Me Stéphane CHOUTEAU





RÉPUBLIQUE FRANÇAISE



AU NOM DU PEUPLE FRANÇAIS



LE VINGT HUIT NOVEMBRE DEUX MILLE DIX SEPT,

La cour d'appel de Versa...

COUR D'APPEL

DE

VERSAILLES

DA

Code nac : 56C

12e chambre

ARRET N°

CONTRADICTOIRE

DU 28 NOVEMBRE 2017

R.G. N° 16/04739

AFFAIRE :

SA ENGIE anciennement dénommée GDF SUEZ

C/

SA ENEDIS anciennement dénommée ERDF

Décision déférée à la cour : Jugement rendu(e) le 19 Mai 2016 par le Tribunal de Commerce de NANTERRE

N° Chambre : 02

N° Section : 00

N° RG : 2013F03190

Expéditions exécutoires

Expéditions

Copies

délivrées le :

à :

Me Franck LAFON

Me Stéphane CHOUTEAU

RÉPUBLIQUE FRANÇAISE

AU NOM DU PEUPLE FRANÇAIS

LE VINGT HUIT NOVEMBRE DEUX MILLE DIX SEPT,

La cour d'appel de Versailles, a rendu l'arrêt suivant dans l'affaire entre :

SA ENGIE anciennement dénommée GDF SUEZ

[Adresse 1]

[Localité 1]

Représentant : Me Franck LAFON, Postulant, avocat au barreau de VERSAILLES, vestiaire : 618 - N° du dossier 20160254

Représentant : Me Paul RAVETTO de l'AARPI RAVETTO ASSOCIES, Plaidant, avocat au barreau de PARIS

Représentant : Me Anne-laure PROISY, Plaidant, avocat au barreau de PARIS

APPELANTE

****************

SA ENEDIS anciennement dénommée ERDF

[Adresse 2]

[Localité 2]

Représentant : Me Stéphane CHOUTEAU de l'ASSOCIATION AVOCALYS, Postulant, avocat au barreau de VERSAILLES, vestiaire: 620 - N° du dossier 002880

Représentant : Me Laurent MARTINET du PARTNERSHIPS DECHERT (Paris) LLP, Plaidant, avocat au barreau de PARIS, vestiaire: J001 - et de Me ROUER

INTIMEE

****************

Composition de la cour :

En application des dispositions de l'article 786 du code de procédure civile, l'affaire a été débattue à l'audience publique du 17 Octobre 2017 les avocats des parties ne s'y étant pas opposés, devant Monsieur Denis ARDISSON, Conseiller chargé du rapport.

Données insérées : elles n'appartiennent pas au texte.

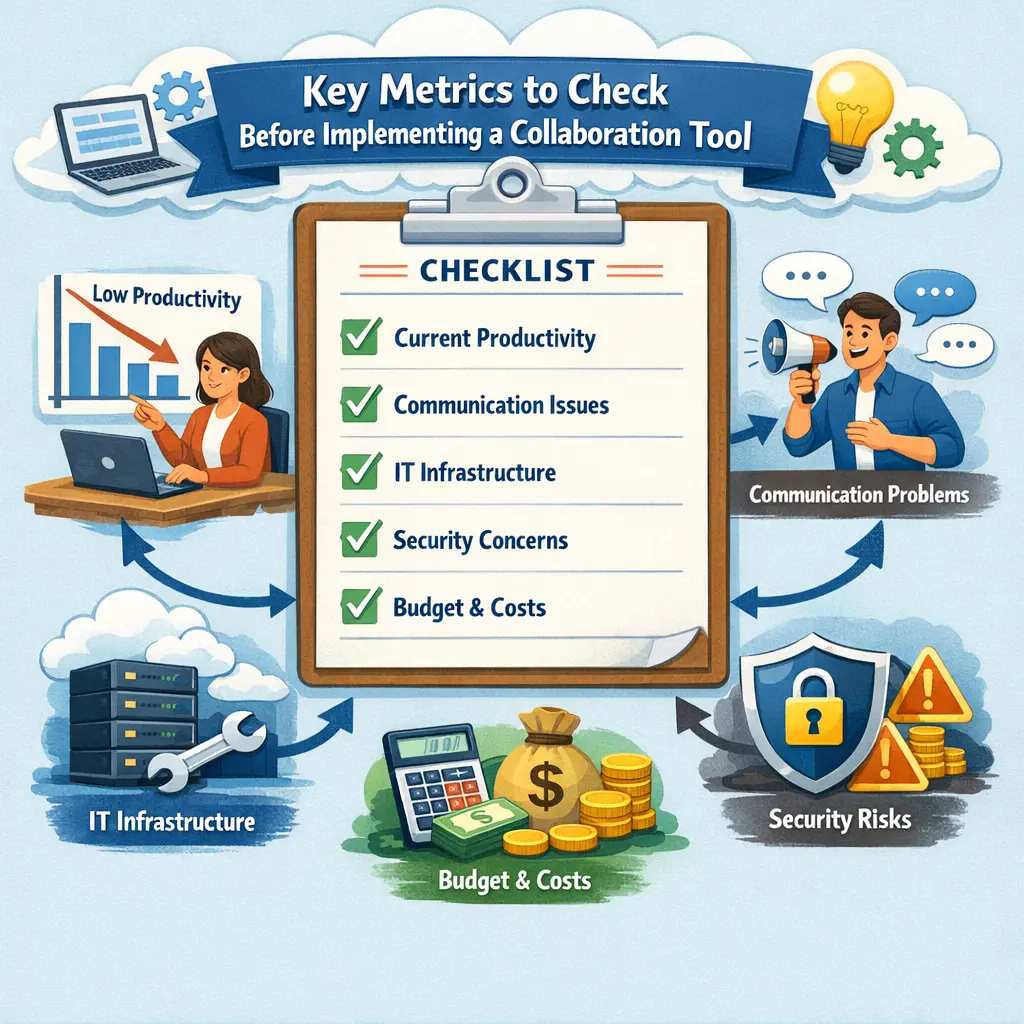 기업용 협업 툴 도입 전 5가지 핵심 지표 확인을 위한 체크리스트 일러스트레이션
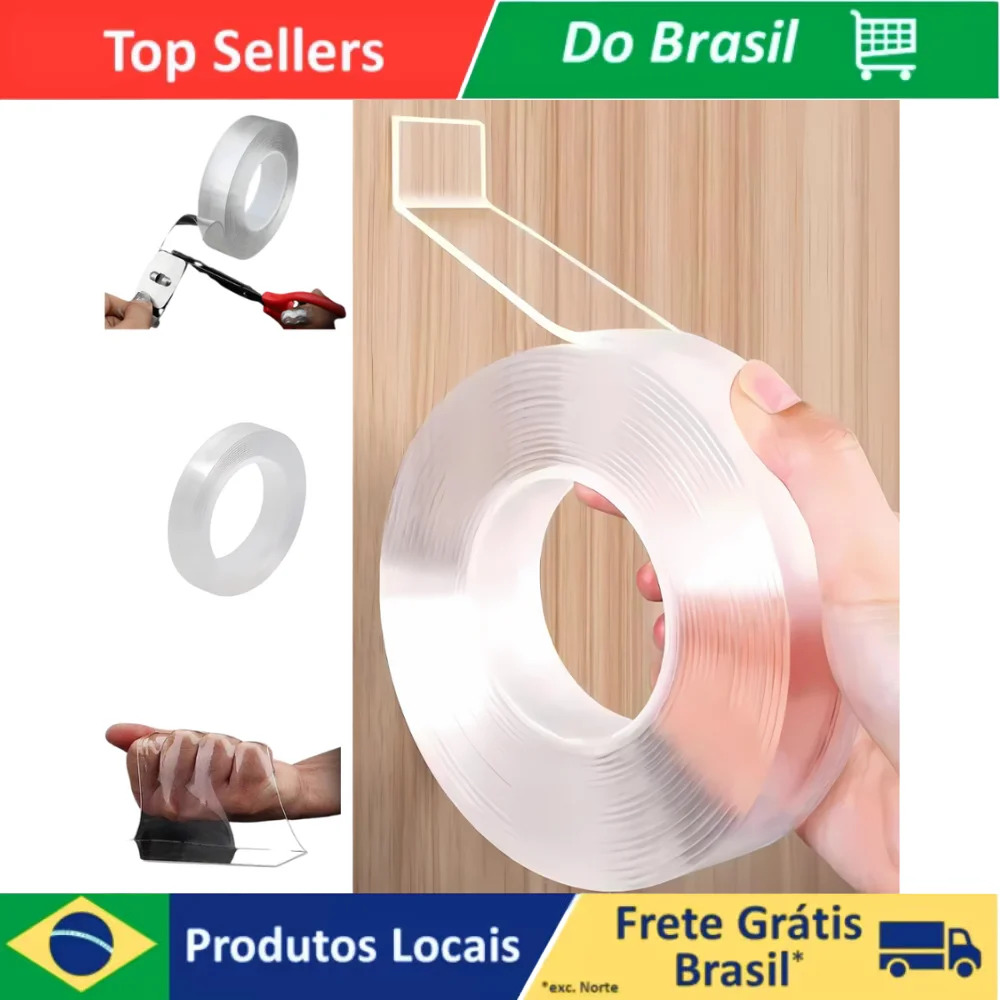 Fita Adesiva Dupla Face 5 Metros Extra Forte Transparente com NanoGel Silicone Magico Lavavel
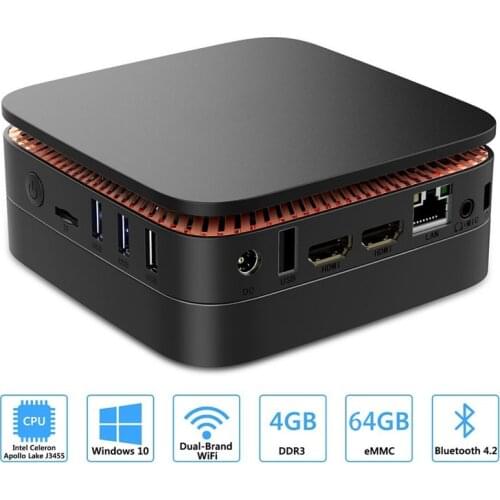 AK1 Windows10 Mini PC Intel Celeron Apollo J3455 8GB DDR3L RAM 128GB SSD BT 4.2 Office HDMI USB3.0 Mini Computer PC WiFi 4K HTPC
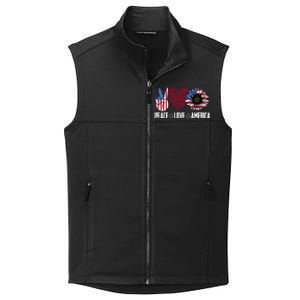 Funny Peace Love America Sunflower American Flag 4th Of July Cool Gift Collective Smooth Fleece Vest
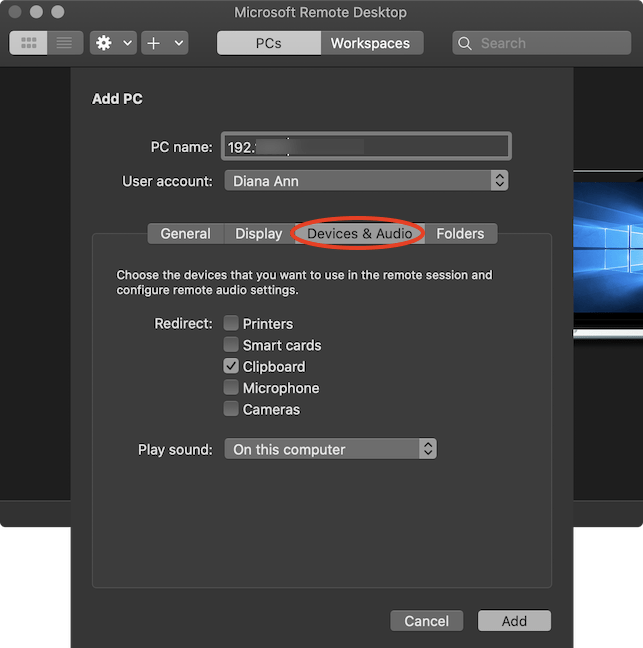 Fila Devices &amp; Audio din panoul Add PC al Microsoft Remote Desktop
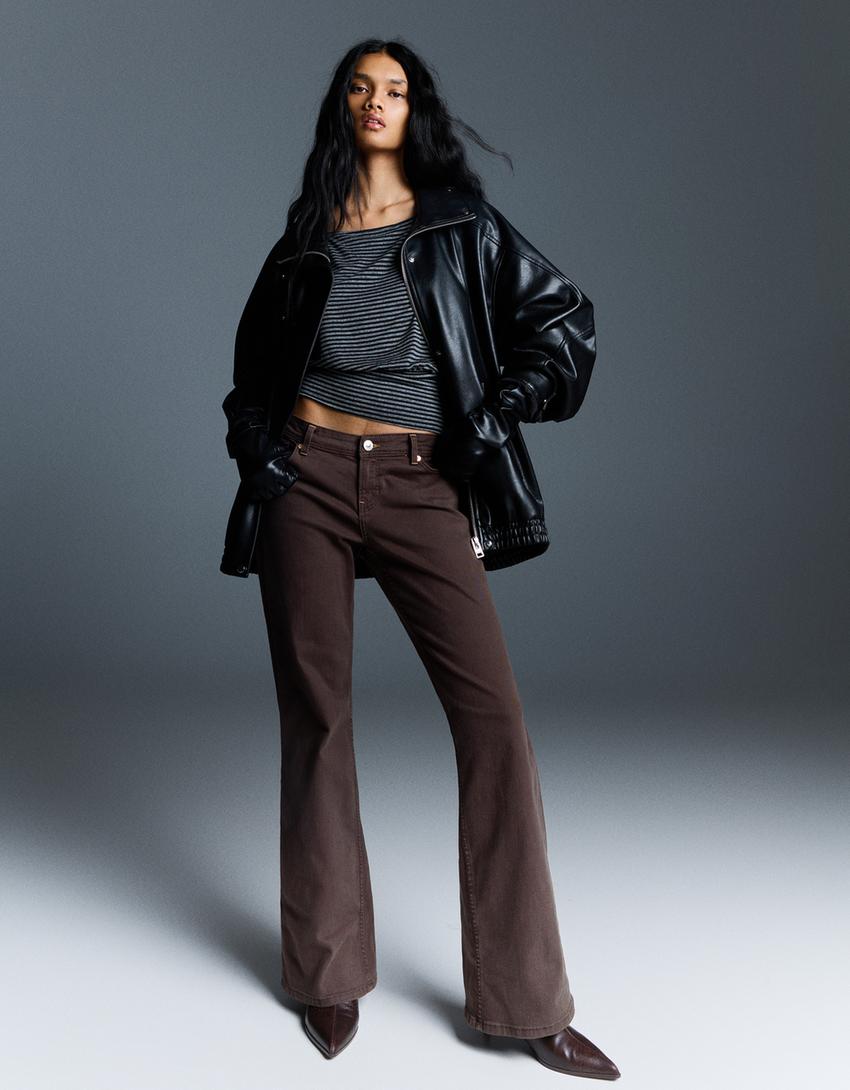 Jeans bootcut taille basse-Marron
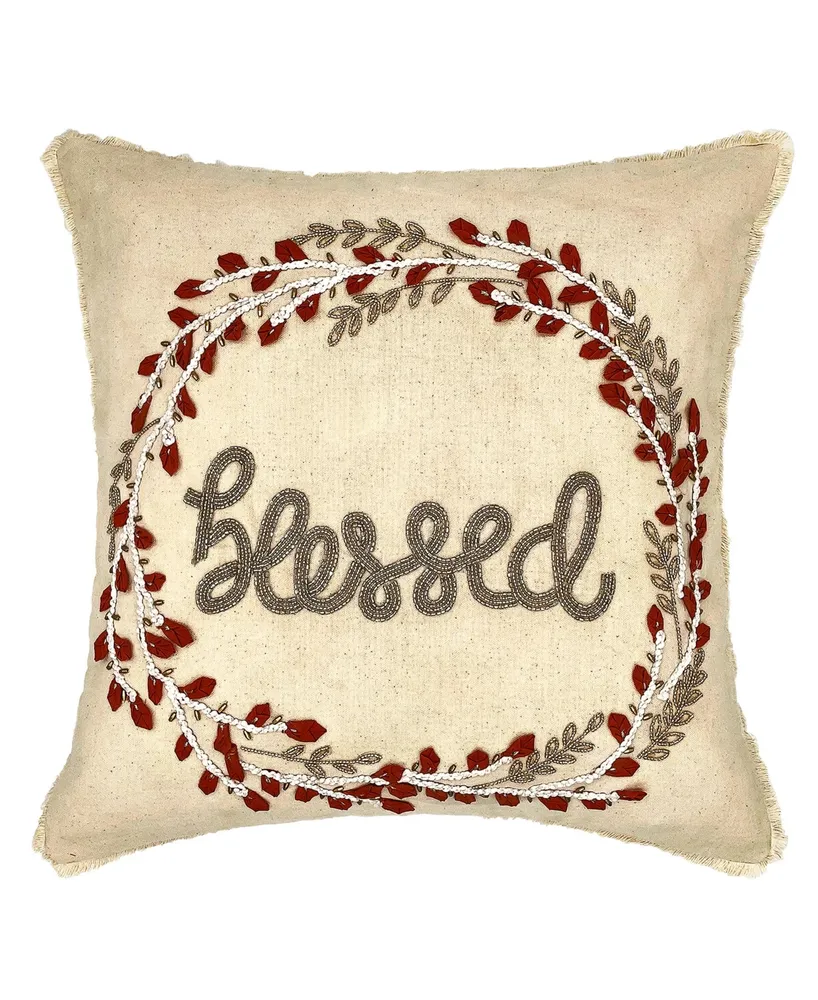 Blessed Wreathe Embroidery Pillow, 18" Square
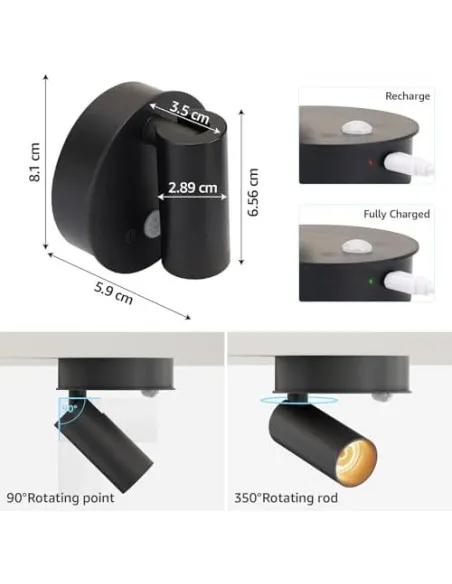 K-Bright Set 2 Aplice LED cu Baterie, Senzor de Amurg și Comutator Tactil – Reglabile, pentru Interior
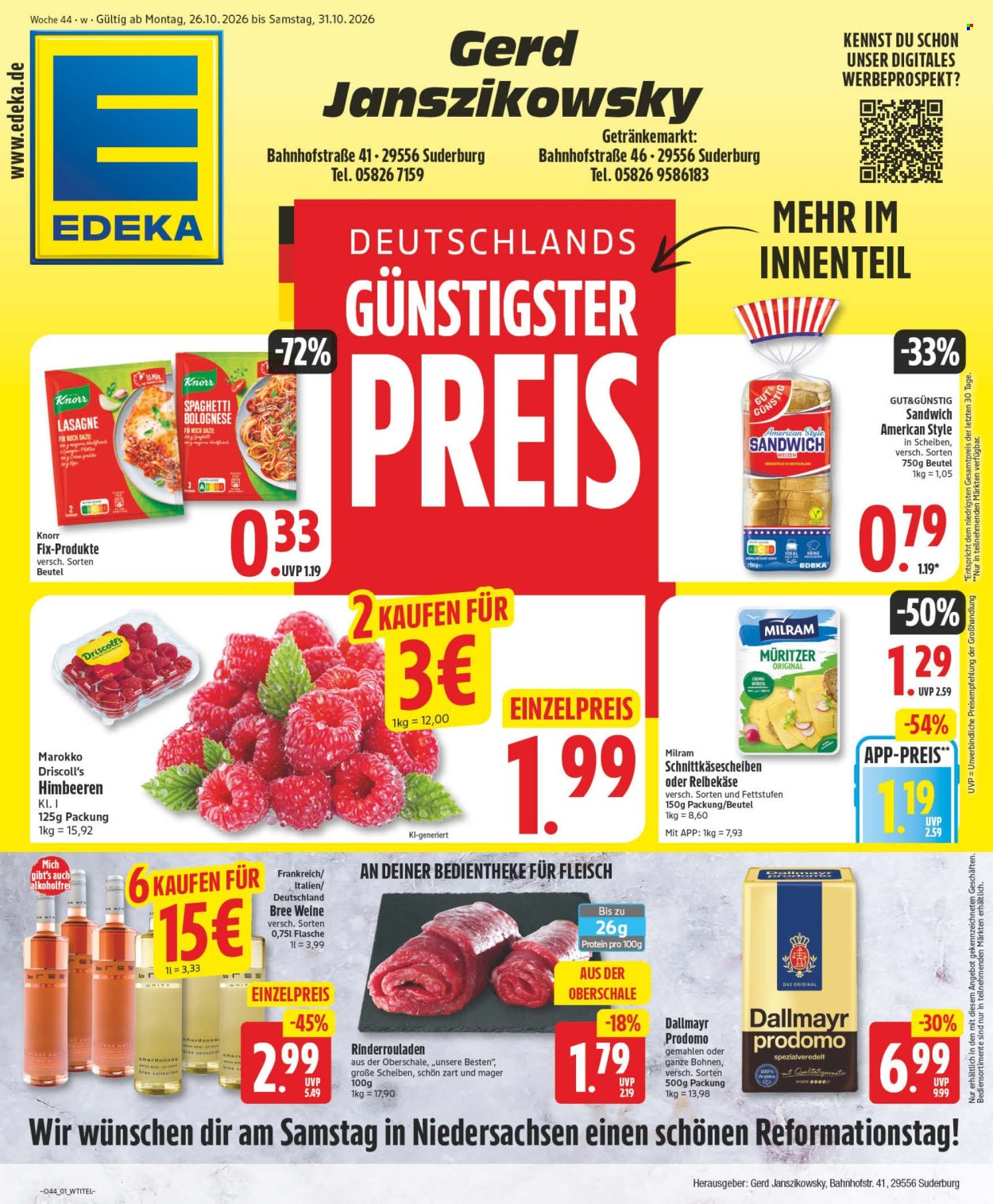 Edeka Prospekte  - 26.10.2026 - 31.10.2026. Seite 1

Ce magistrat a rendu compte des plaidoiries dans le délibéré de la cour, composée de :

Mme Dominique ROSENTHAL, Président,

Monsieur François LEPLAT, Conseiller,

Monsieur Denis ARDISSON, Conseiller,

Greffier F.F., lors des débats : Monsieur James BOUTEMY,

Les articles 22 et 23 de la loi n° 2000-108 du 10 février 2000 ayant pour objet la garantie dans le respect de l'intérêt général de l'approvisionnement en électricité sur l'ensemble du territoire national par le service public de l'électricité ont institué l'option, pour l'utilisateur final du réseau de distribution électrique détenu par l'opérateur historique Electricité de France, de convenir d'un 'contrat unique' pour les facturations de la fourniture d'électricité ainsi que de celles de l'accès au réseau, option précisée à l'article 5 I. du décret n°2001-365 du 26 avril 2001 relatif aux tarifs d'utilisation des réseaux publics de transport et de distribution d'électricité, selon lequel, dans sa version modifiée du 30 décembre 2005, il est énoncé que 'Lorsque le fournisseur a conclu un contrat d'accès au réseau en application du septième alinéa de l'article 23 de la loi du 10 février 2000, il facture simultanément à son client la fourniture d'énergie et l'utilisation des réseaux publics. Il identifie sur la facture le montant correspondant à l'utilisation des réseaux publics par son client', ces dispositions étant reprises aujourd'hui aux articles L.111-92 et L.332-3 du code de l'énergie et L.224-8 du code de la consommation.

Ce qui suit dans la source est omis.